Relativity and the Quantum / Elementary Tour part 4: Loop quantum gravity

From the point of view of Einstein´s theory, it comes as no surprise that all attempts to treat gravity simply like one more quantum force (on par with electromagnetism and the nuclear forces) have failed. According to Einstein, gravity is not a force – it is a property of spacetime itself. Loop quantum gravity is an attempt to develop a quantum theory of gravity based directly on Einstein´s geometrical formulation.

This approach is hard to explain in detail without resorting to the language of mathematics. Part of the problem is a still-unanswered question: Although this approach leads to a quantum formulation for gravity, researchers are still busy trying to work out how a universe like ours – which obeys the classical (i.e. non-quantum) general theory of relativity – can arise from such a quantum foundation.

One aspect of the loop models, though, is easy to grasp. Space, in general relativity, is a continuum. In every part of it, one can define regions of arbitrarily small volume, and every little region can be divided further into yet smaller regions, ad infinitum. In the loop models, the basic structure of spacetime turns out to be discrete. In such discrete spacetimes, there are smallest values for volumes and areas that are not divisible any farther – just as one cannot build a structure smaller than the smallest block in a Lego set.

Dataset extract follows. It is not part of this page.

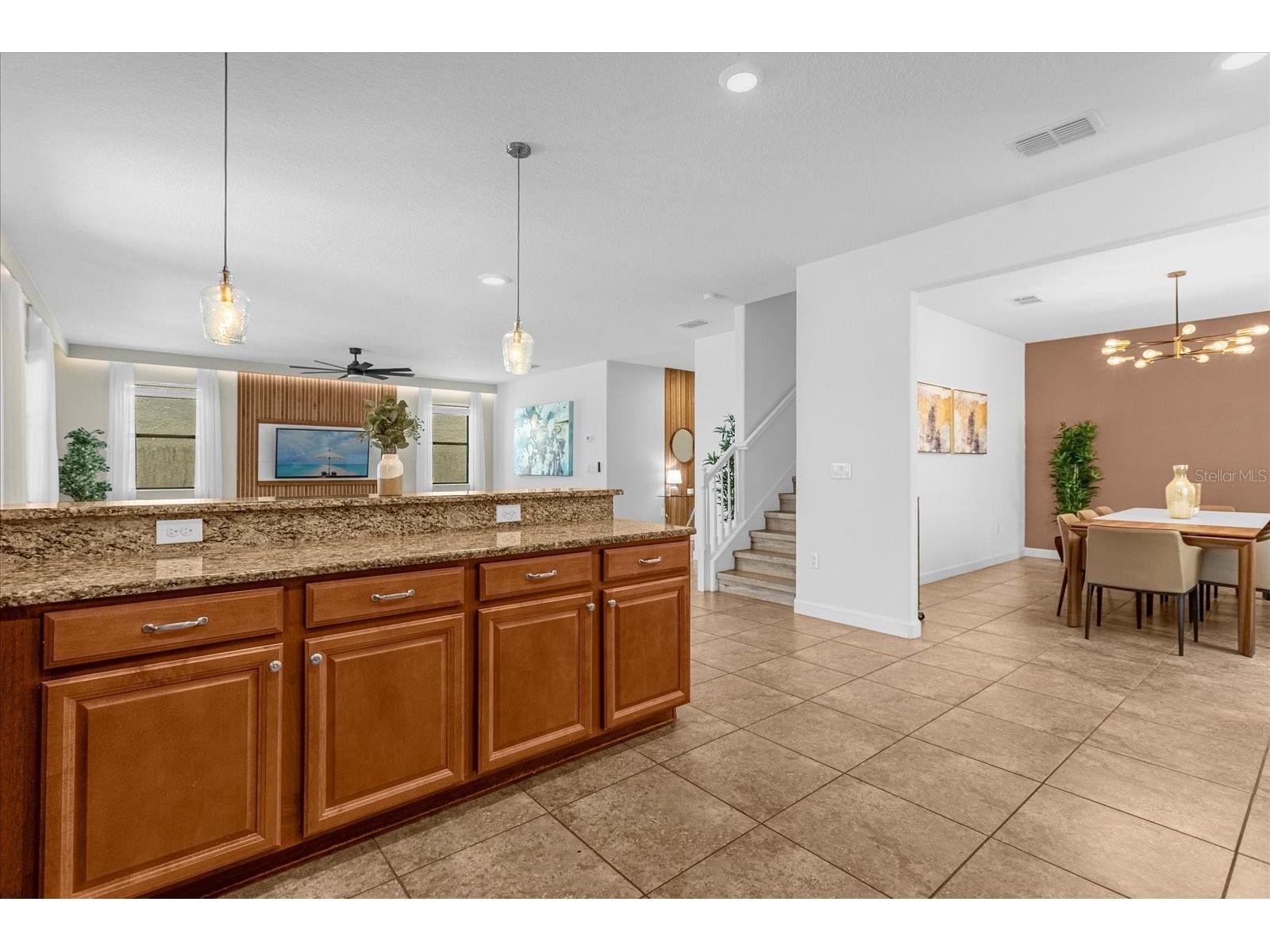 1483 Rolling Fairway Drive Champions Gate FL 33896 - ST O6398173 image11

The fabric of space is called a spin network with lines and nodes, as pictured here:

spin network sketch

spin network sketch

Nodes can carry numerical values; depending on the number, they stand for volume building blocks of different size. The smallest possible volume is that of a region containing only a single node with the lowest possible value. As you add further nodes and/or make the values associated with existing nodes larger, the volume grows.

Thus, space acquires a grainy, discrete structure – and so does time. In simplified models used for cosmological explorations, it turns out that within loop quantum gravity, there is no big bang singularity; instead, the universe´s history can be traced infinitely far into the past, step by step.